The climate of reform that erupted in the 1960s continued into the 1970s, where movements for change met different fates. Feminism and environmentalism continued and prospered. The counterculture peaked and faded, although drug use exploded. In civil rights, the early goals of colorblindness ceded place to race consciousness and “identity politics,” or jousting for place among contending ethnicities. Overall, few great dreams that pervaded the fervent 1960s were achieved. Hopes for participatory democracy and an end to racism and patriarchy eluded realization.

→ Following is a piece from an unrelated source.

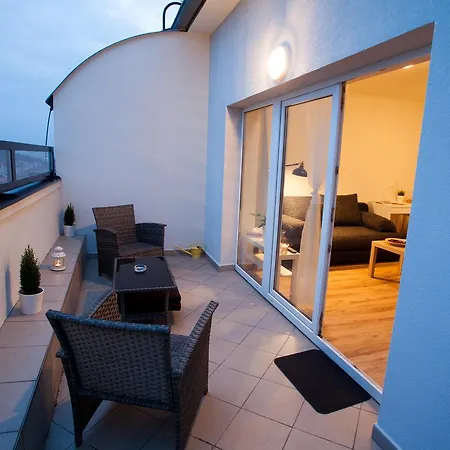 Haas Stojanova With Parking ブルノ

Still, in domestic policy, the 1960s were an era of enduring change. Although the Vietnam War undercut the Great Society, Johnson’s programs increased justice and fought poverty. The Warren Court upheld individual rights. The civil rights movement ended legal segregation, registered black voters, battled race discrimination, engendered black pride, and vastly liberalized white attitudes. The spread of feminism forced reexamination of gender roles. Overall, reform movements of the 1960s expanded free expression, challenged tradition, blasted the placidity of the 1950s, and, for better or worse, dispelled the widespread respect for government that had prevailed since World War II. Antiwar protest was a vital part of this process. The Vietnam War of the 1960s and 1970s shattered Americans’ long-held faith in both the wisdom of the state and in Cold War policies of the 1950s.